WORK TO COMPLETE
The pictures must be left out, while the rest of the data is copied exactly.

INFORMATION SUPPLIED

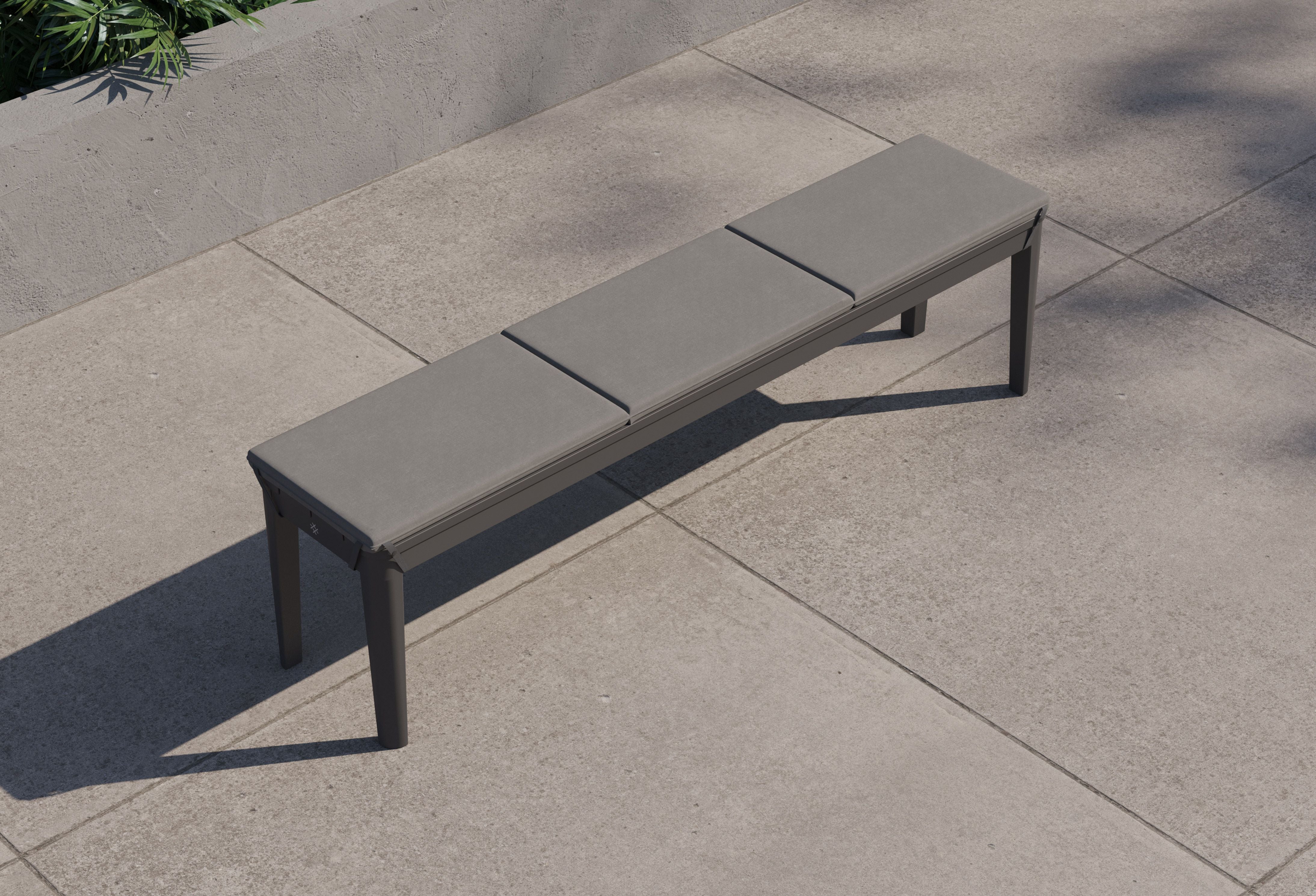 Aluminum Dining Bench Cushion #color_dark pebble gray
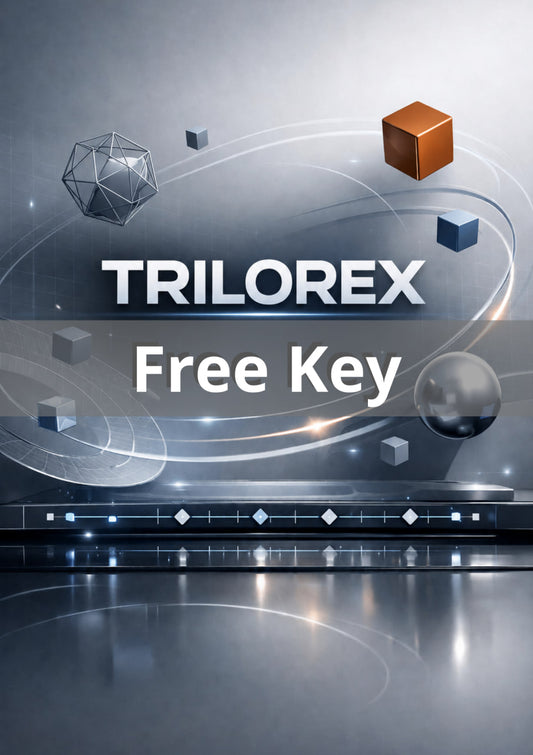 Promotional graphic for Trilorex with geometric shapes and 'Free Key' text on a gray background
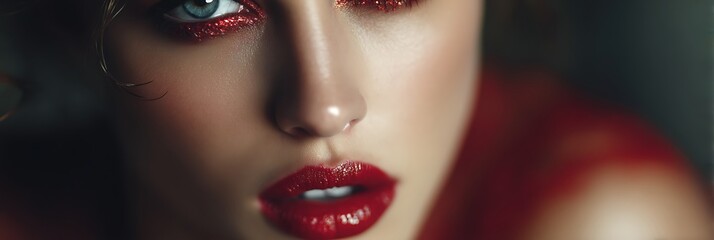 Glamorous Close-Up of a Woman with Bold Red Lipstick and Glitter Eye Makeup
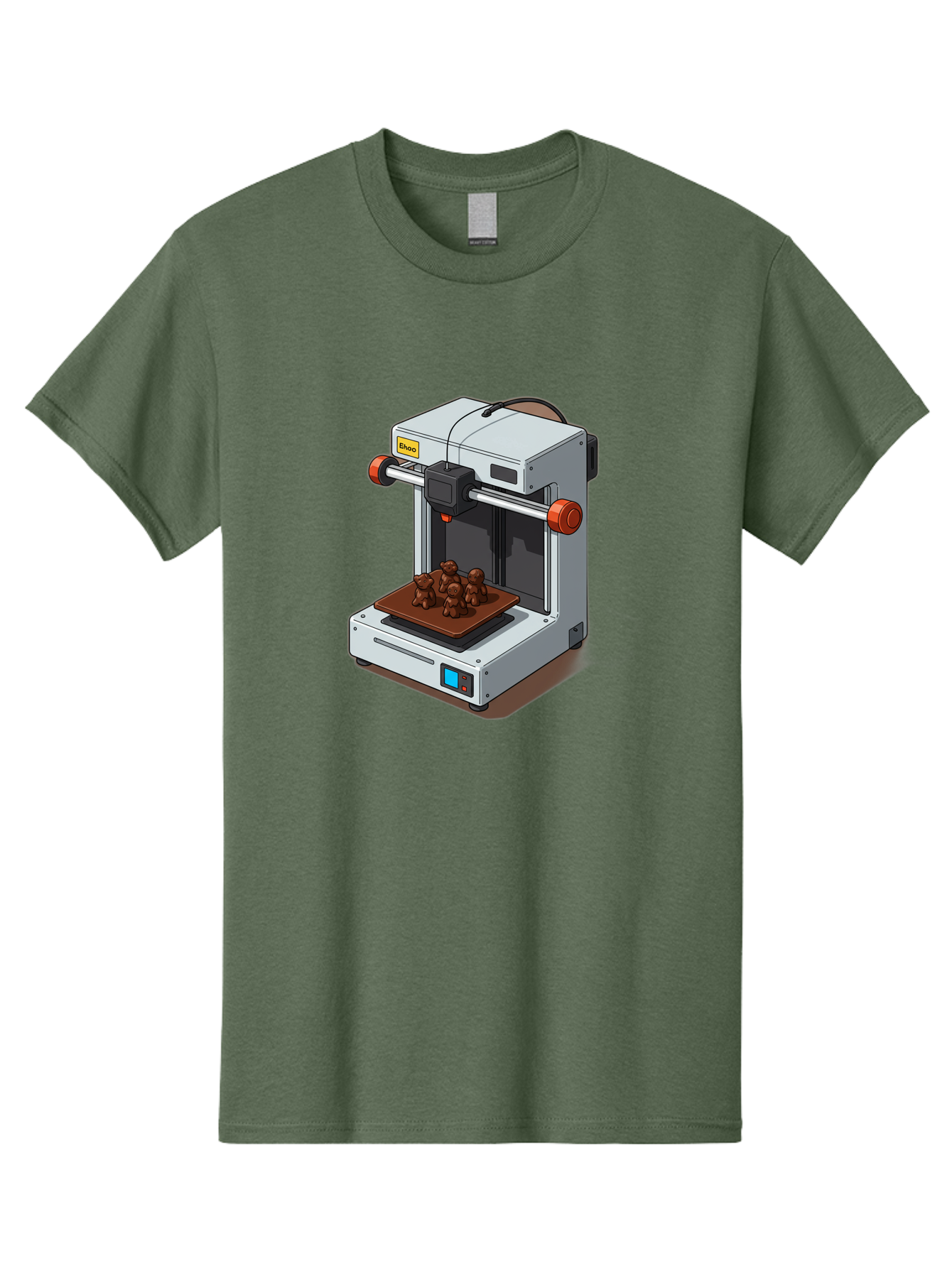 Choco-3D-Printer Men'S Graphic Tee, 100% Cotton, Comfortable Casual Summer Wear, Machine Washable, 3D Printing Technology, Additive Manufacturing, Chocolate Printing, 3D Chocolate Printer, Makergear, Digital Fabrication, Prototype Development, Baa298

RESPONSE TO THE EXERCISE
 Aluminum Dining Bench Cushion #color_dark pebble gray
 Promotional graphic for Trilorex with geometric shapes and 'Free Key' text on a gray background
 Glamorous Close-Up of a Woman with Bold Red Lipstick and Glitter Eye Makeup
 Choco-3D-Printer Men'S Graphic Tee, 100% Cotton, Comfortable Casual Summer Wear, Machine Washable, 3D Printing Technology, Additive Manufacturing, Chocolate Printing, 3D Chocolate Printer, Makergear, Digital Fabrication, Prototype Development, Baa298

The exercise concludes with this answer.